▶ _Your instructions_: Once you reach the line with "Fire element DIY", transcribe it and every line after it to the end of the records, exactly, but not the pictures.

───── Study material ─────

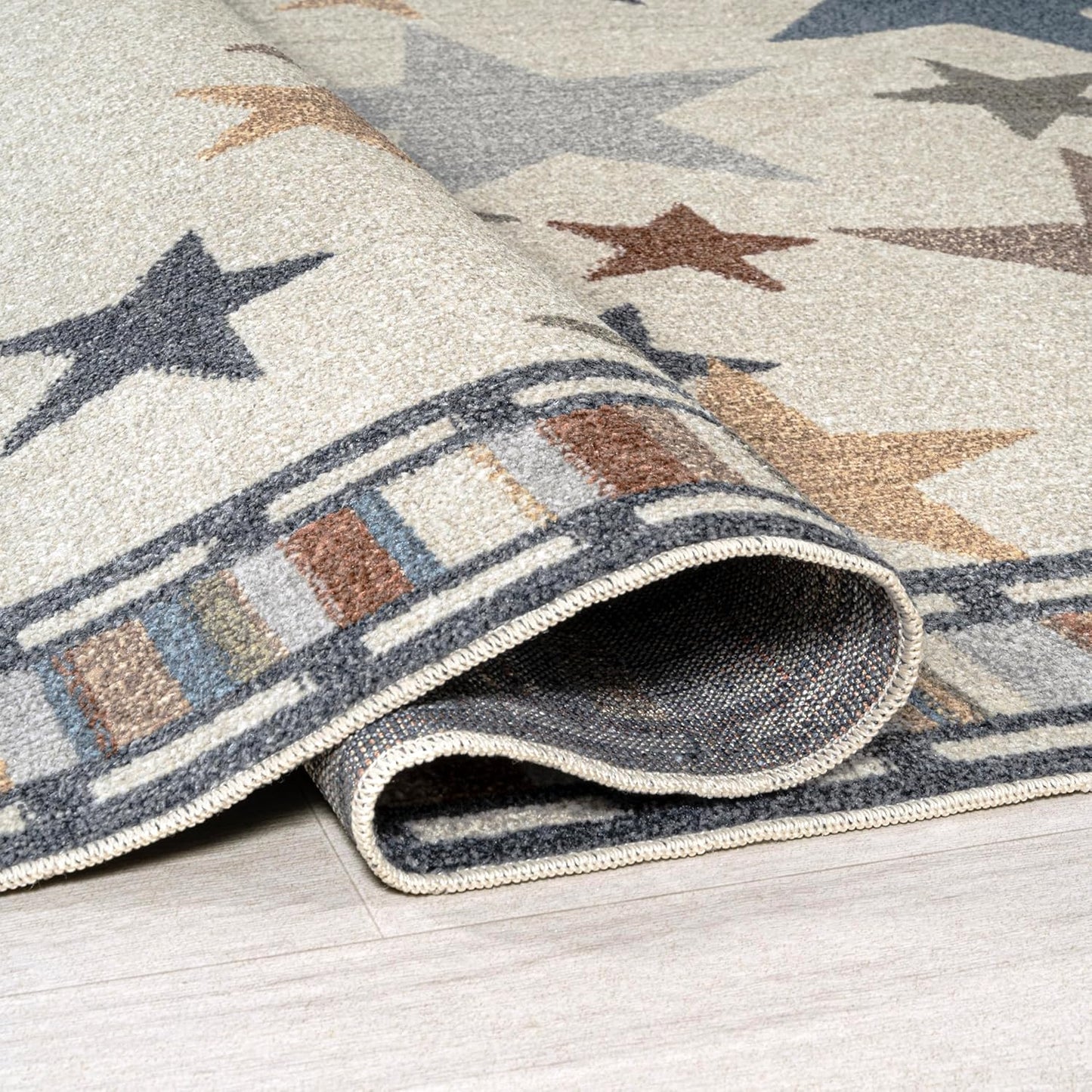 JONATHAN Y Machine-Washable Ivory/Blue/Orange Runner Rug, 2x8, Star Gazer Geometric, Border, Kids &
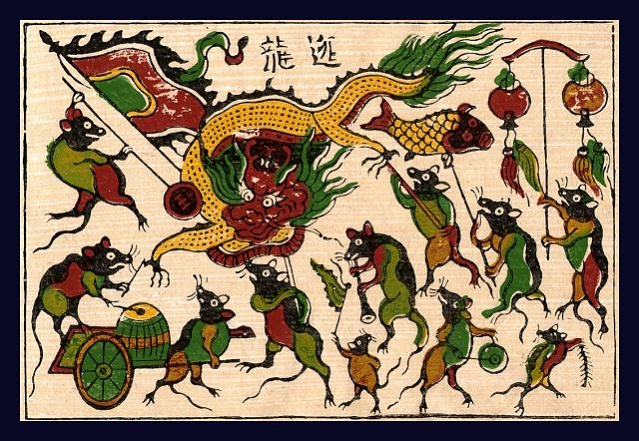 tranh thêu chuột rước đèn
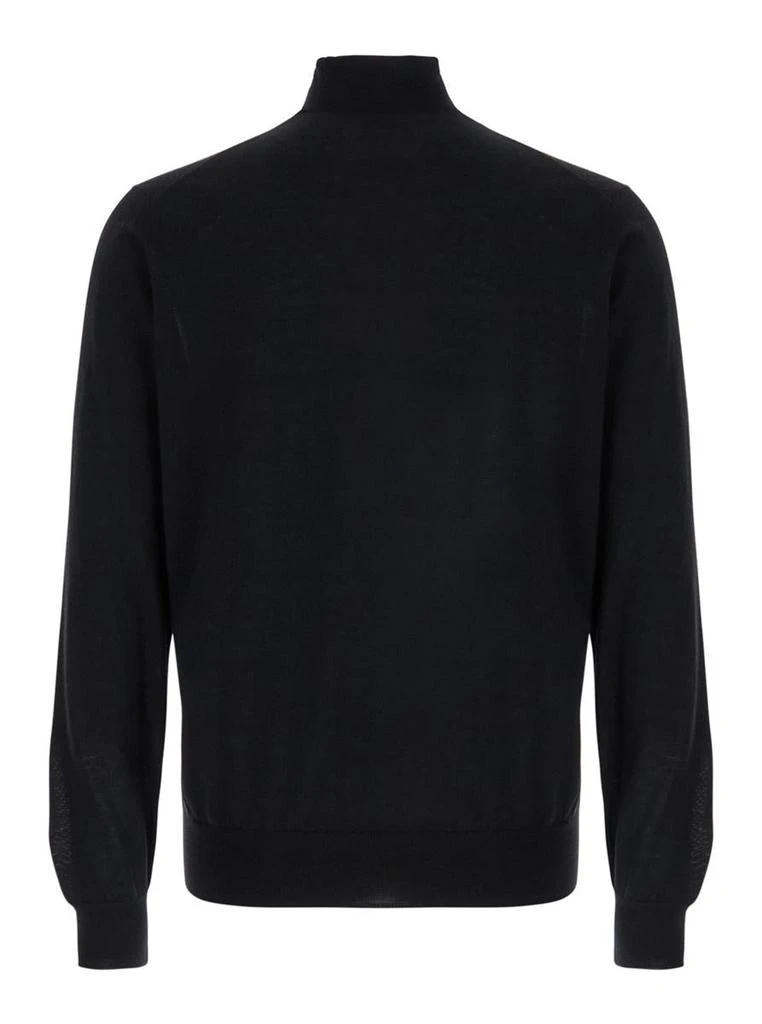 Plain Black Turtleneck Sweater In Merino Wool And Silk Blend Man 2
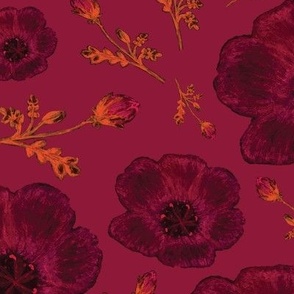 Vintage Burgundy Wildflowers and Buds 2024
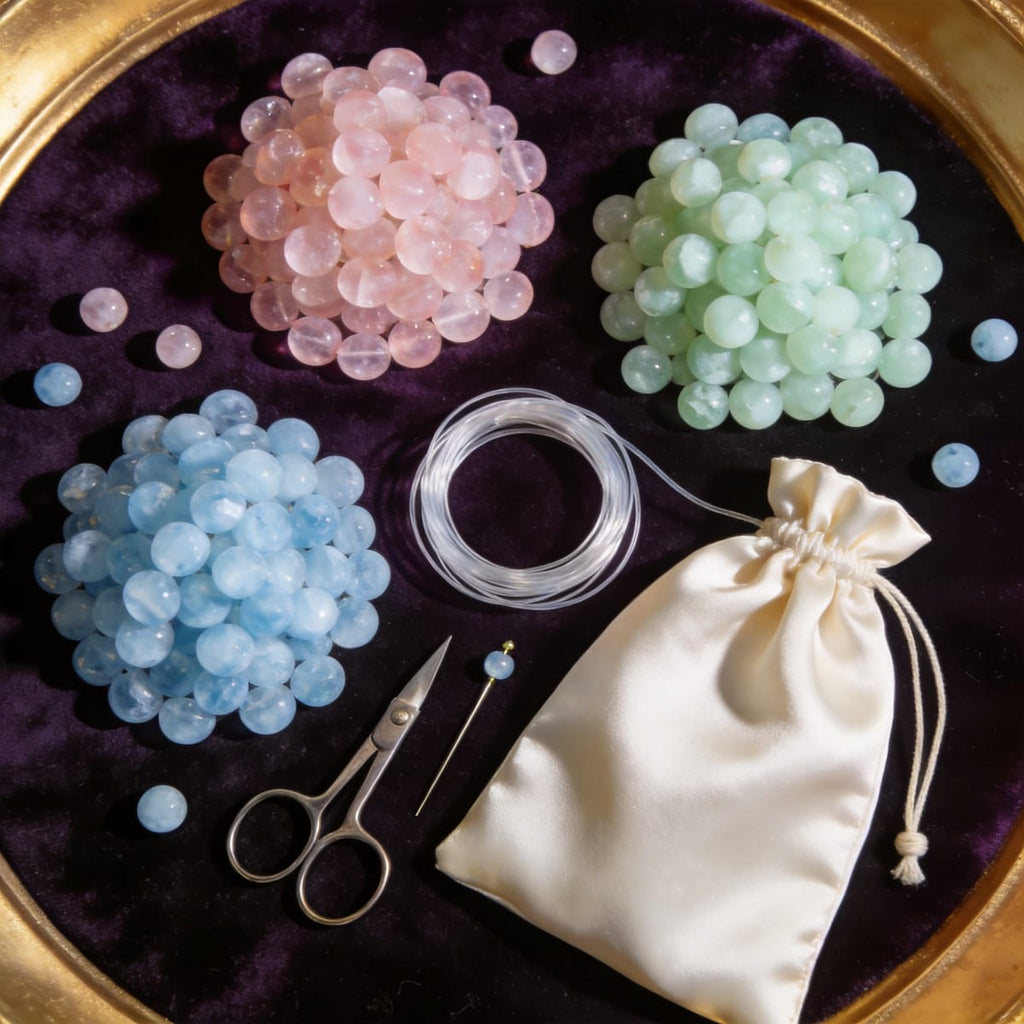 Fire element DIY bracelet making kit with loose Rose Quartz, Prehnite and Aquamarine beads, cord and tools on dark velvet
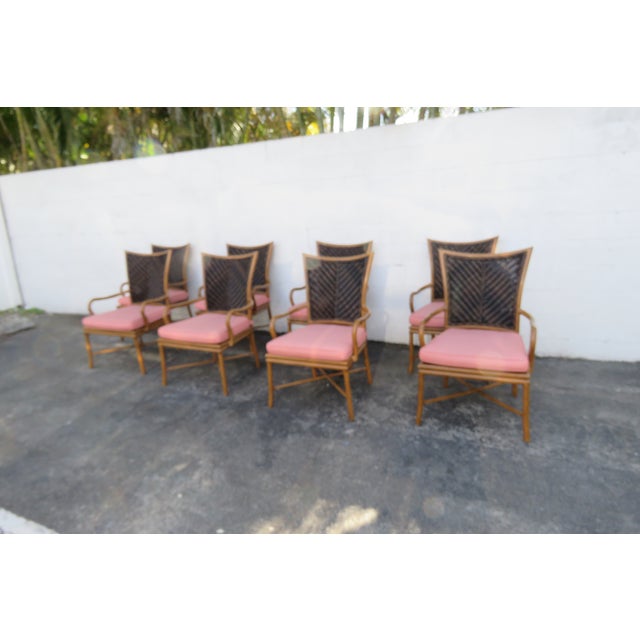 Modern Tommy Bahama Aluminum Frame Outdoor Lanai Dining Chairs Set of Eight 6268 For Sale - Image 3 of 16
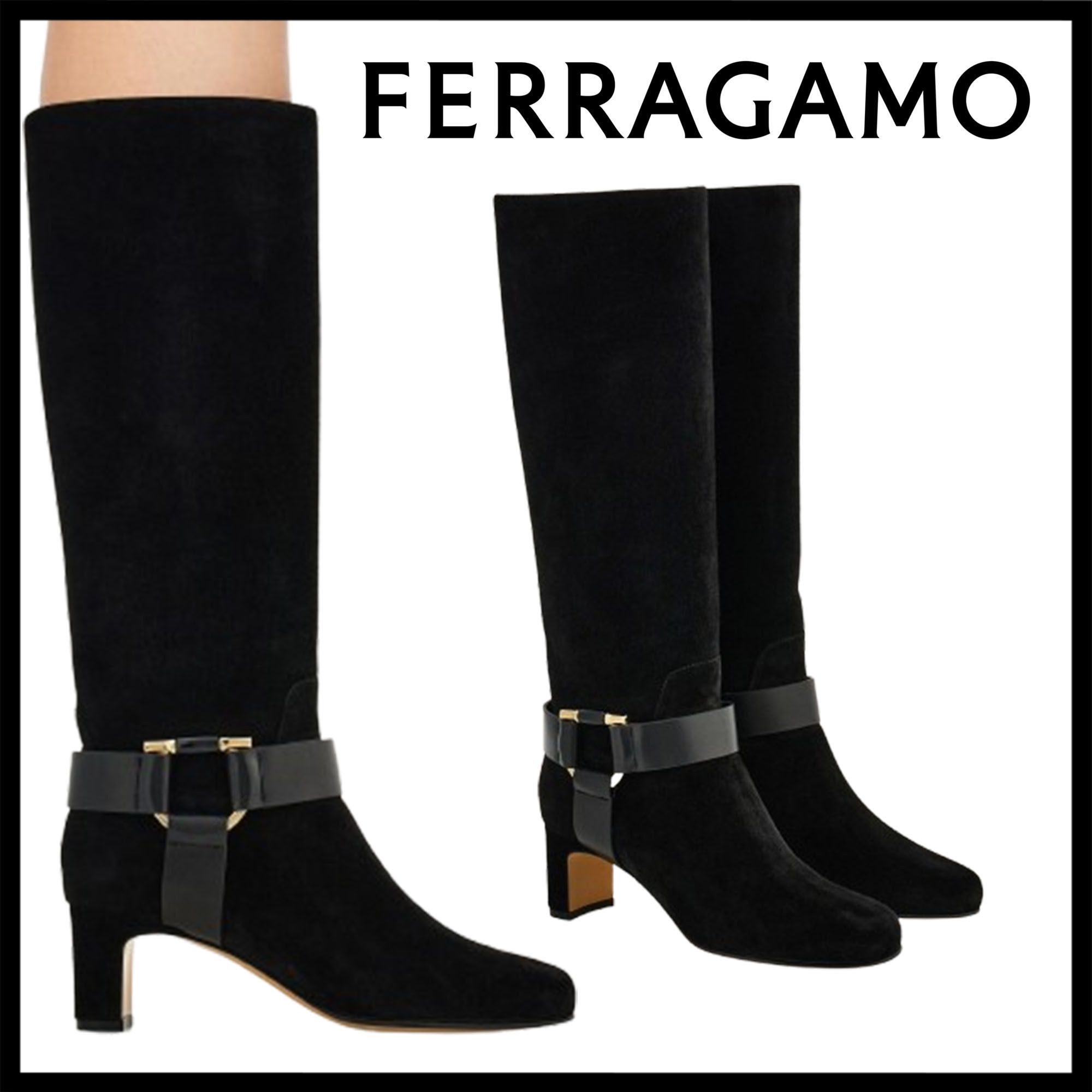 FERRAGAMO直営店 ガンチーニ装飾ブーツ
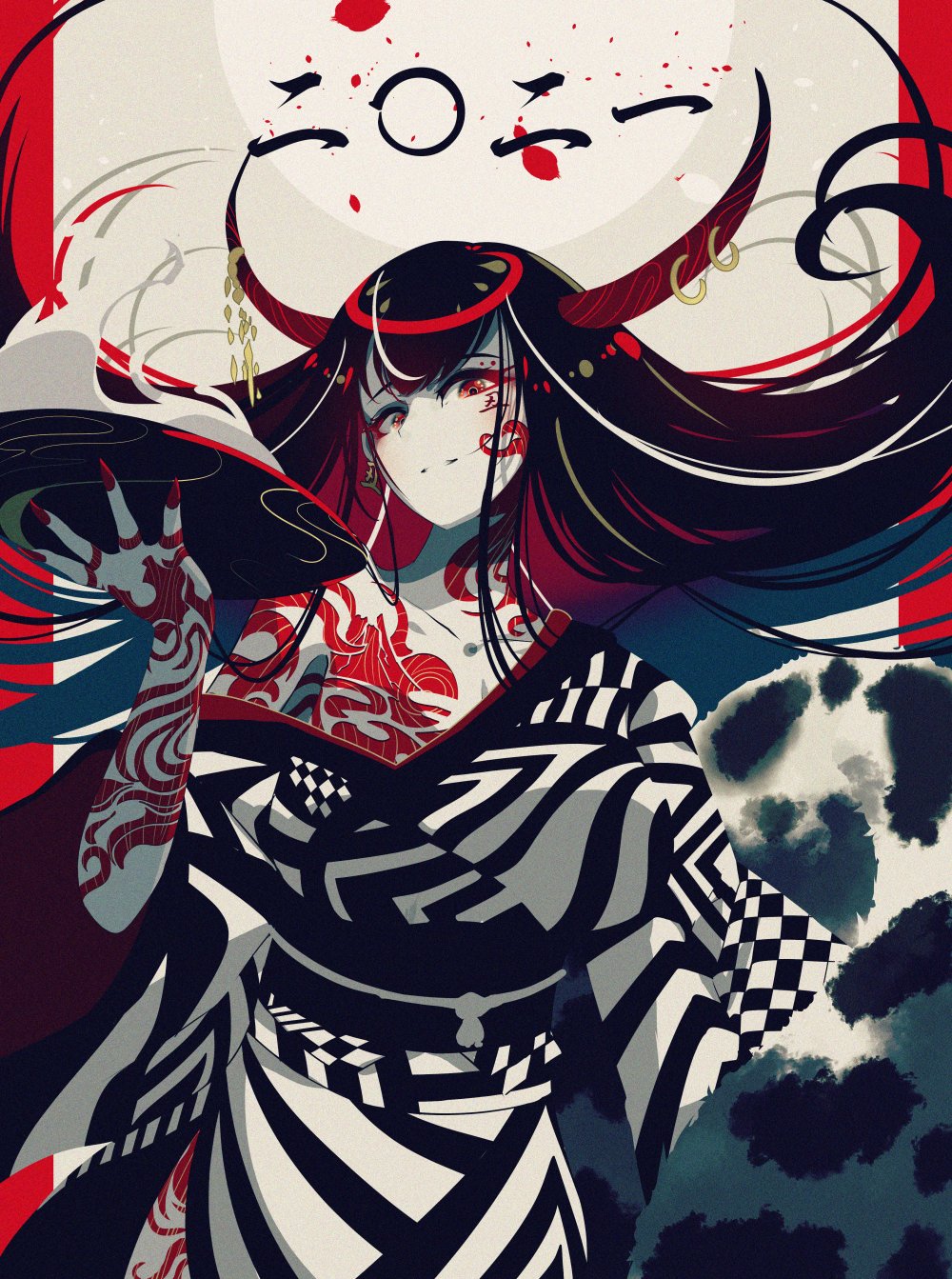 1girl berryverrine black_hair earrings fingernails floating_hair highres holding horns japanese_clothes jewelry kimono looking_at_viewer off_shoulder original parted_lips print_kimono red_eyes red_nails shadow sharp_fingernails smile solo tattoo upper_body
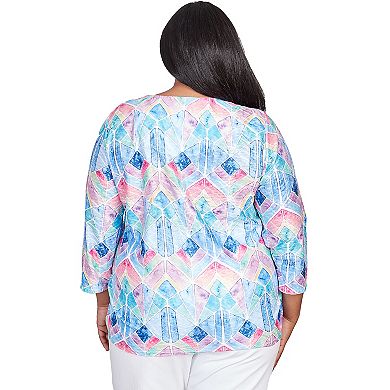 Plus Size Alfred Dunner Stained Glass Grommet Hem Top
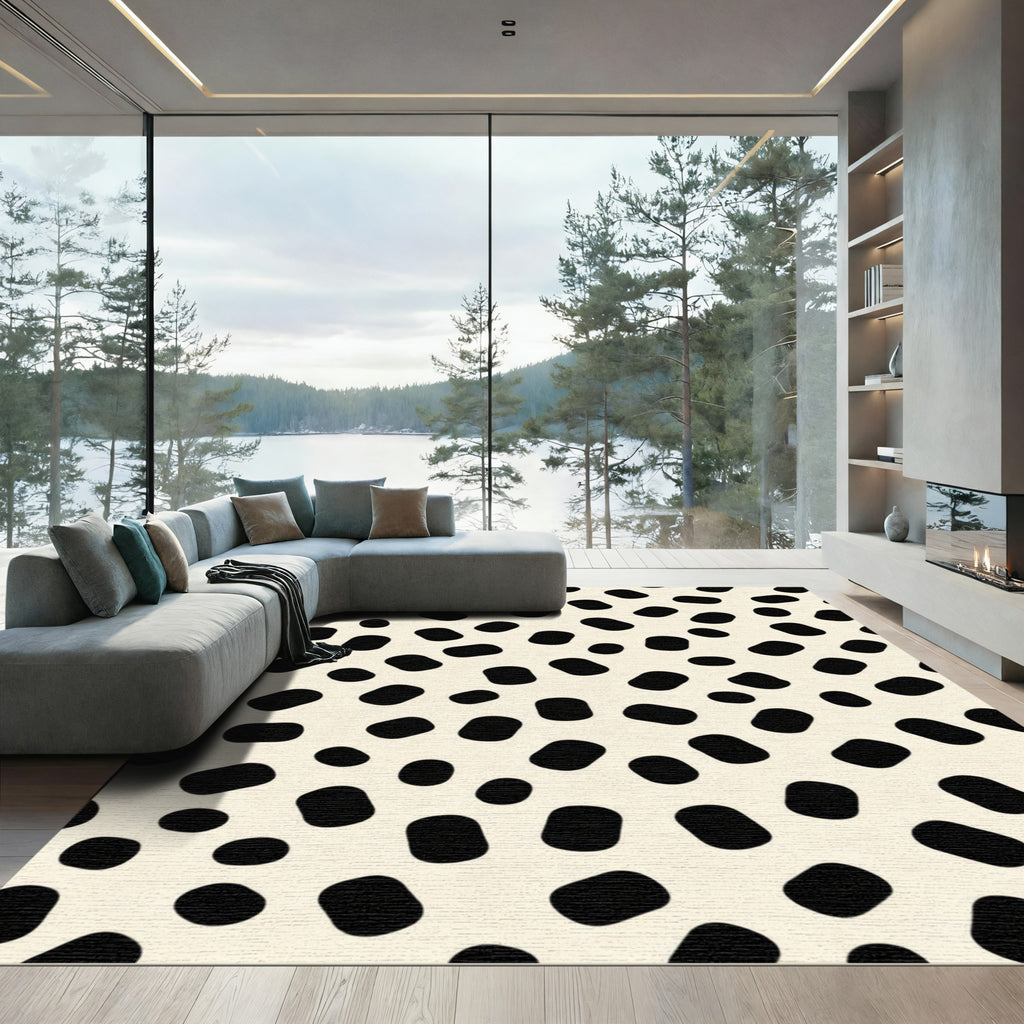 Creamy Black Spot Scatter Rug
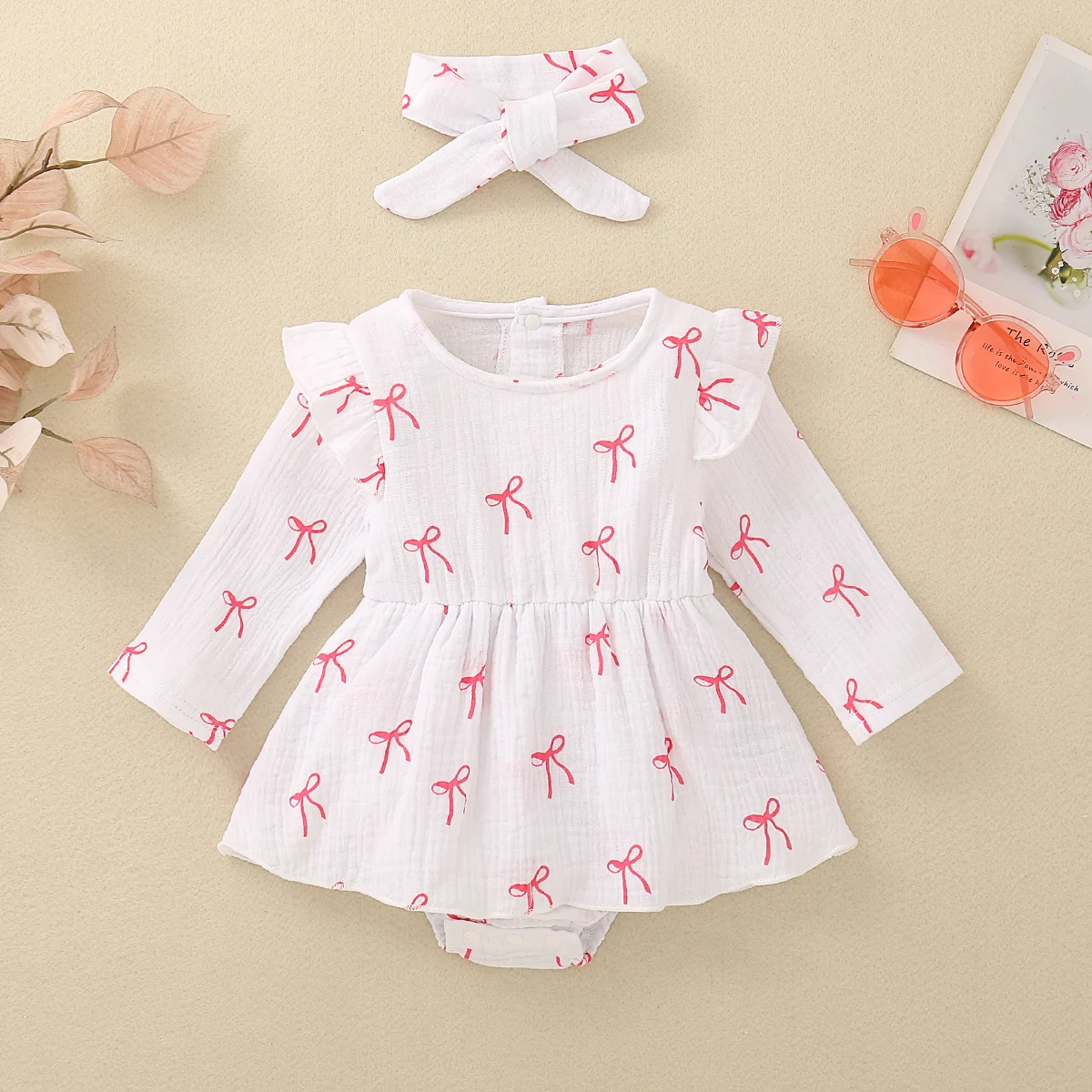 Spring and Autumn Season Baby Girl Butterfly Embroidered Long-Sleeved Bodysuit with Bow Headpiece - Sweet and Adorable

─────

▶ _Answer box_:
 Fire element DIY bracelet making kit with loose Rose Quartz, Prehnite and Aquamarine beads, cord and tools on dark velvet
 Modern Tommy Bahama Aluminum Frame Outdoor Lanai Dining Chairs Set of Eight 6268 For Sale - Image 3 of 16
 FERRAGAMO直営店 ガンチーニ装飾ブーツ
 1girl berryverrine black_hair earrings fingernails floating_hair highres holding horns japanese_clothes jewelry kimono looking_at_viewer off_shoulder original parted_lips print_kimono red_eyes red_nails shadow sharp_fingernails smile solo tattoo upper_body
 Plus Size Alfred Dunner Stained Glass Grommet Hem Top
 Creamy Black Spot Scatter Rug
 Spring and Autumn Season Baby Girl Butterfly Embroidered Long-Sleeved Bodysuit with Bow Headpiece - Sweet and Adorable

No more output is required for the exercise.